Posted by Ann Donahue, Senior Editor
The brief description of Botticelli’s Cestello Annunciation (1489–90) by Andy Gaskell at sandrobotticelli.net is a telling example of the narrative power of the painting. Gaskell’s highly personal response is to compose dialogue inspired by his meditation on Botticelli’s depiction of Madonna and angel. And Gaskell doesn’t stop at dialogue. He inserts a bit of stage direction, as if the Madonna and angel are actors in a play: “‘I’m just an ordinary girl! How could I do this? There must be some mistake!’ The angel insists, gently, and won’t go away.”

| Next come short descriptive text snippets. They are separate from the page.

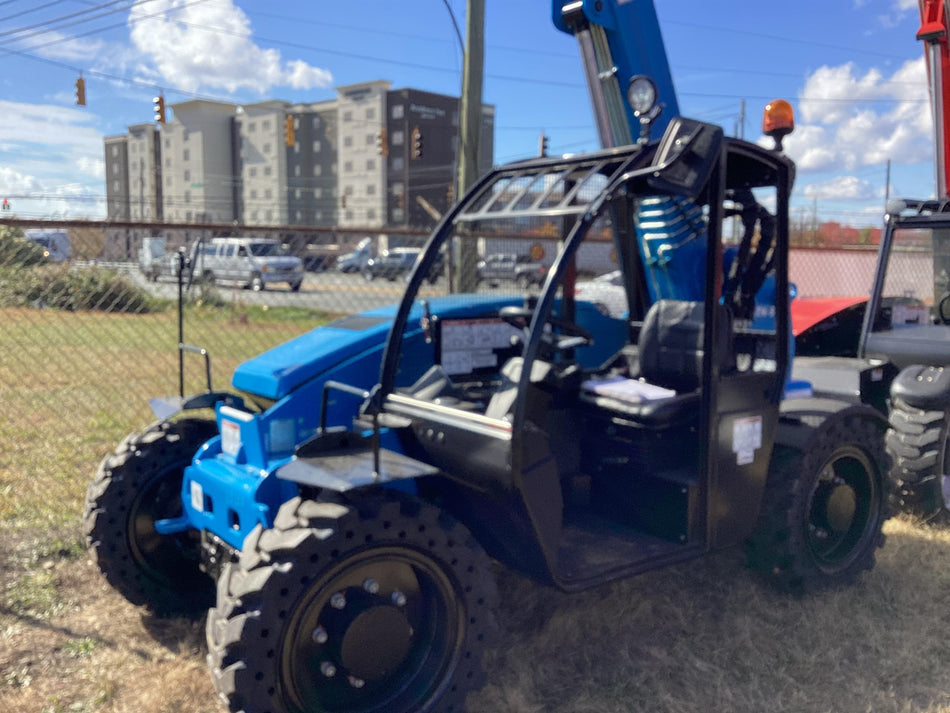 2021 GENIE GTH-5519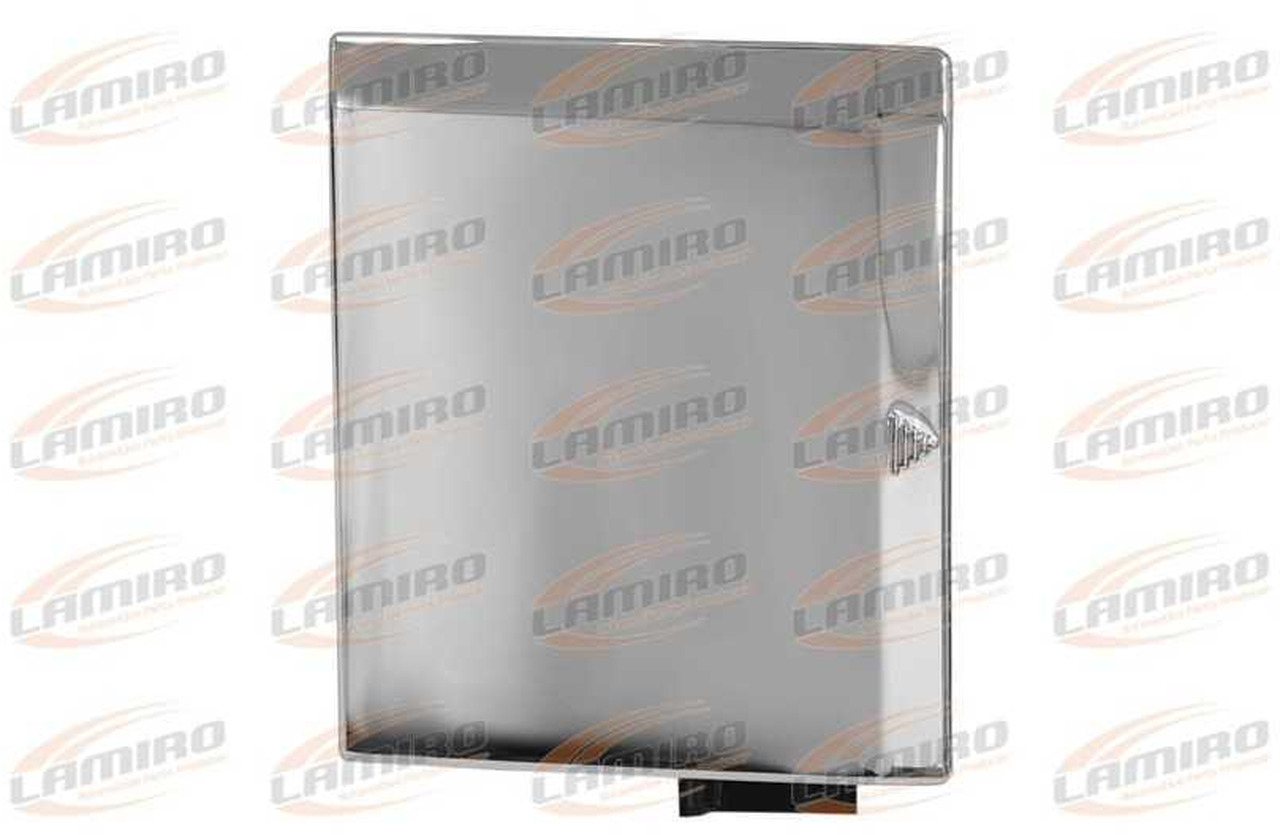 MERCEDES ACTROS F HEADLAMP COVER LEFT CHROME - Передняя фара для Грузовиков: фото 1 MERCEDES ACTROS F HEADLAMP COVER LEFT CHROME - Передняя фара для Грузовиков: фото 1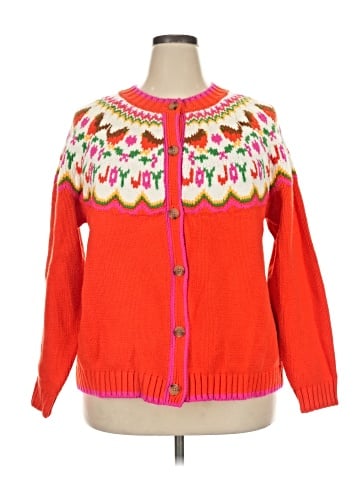 Lands' End Cardigan (view 1)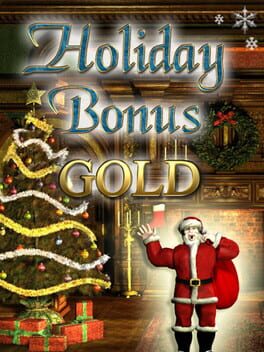 Holiday Bonus GOLD Game Cover Artwork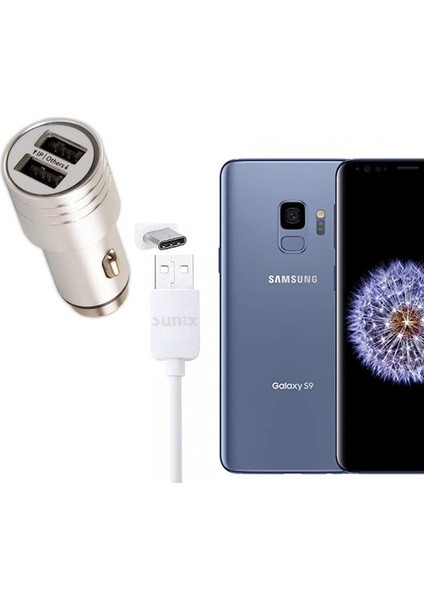 Samsung Galaxy A3 2017 USB 3.1 Type C Kablo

It is the reciprocal connection between the theatrical and the painterly that Kristin Phillips-Court explores in her award-winning book, The Perfect Genre: Drama and Painting in Renaissance Italy. Juxtaposing visually evocative works of literature by prominent Italian intellectuals with specific developments in the realm of painting, Phillips-Court draws attention to the intermedial conversation between dramatic works and painting in a culture dominated by art. Of paintings of the annunciation such as Botticelli’s she writes, “The illusion of depth in painting meant that, more and more, it incorporated the beholder—an ideal viewer—who stood directly in front of the image, interpreted the image, and projected himself psychologically into the space of the image.” In Botticelli’s time, Phillips-Court shows, ideal viewers included Belcari, Trissino, Caro, Tasso, and Bruno. Her original and elegantly argued book provides a new perspective on Renaissance drama that situates it firmly within its political, religious, and philosophical contexts.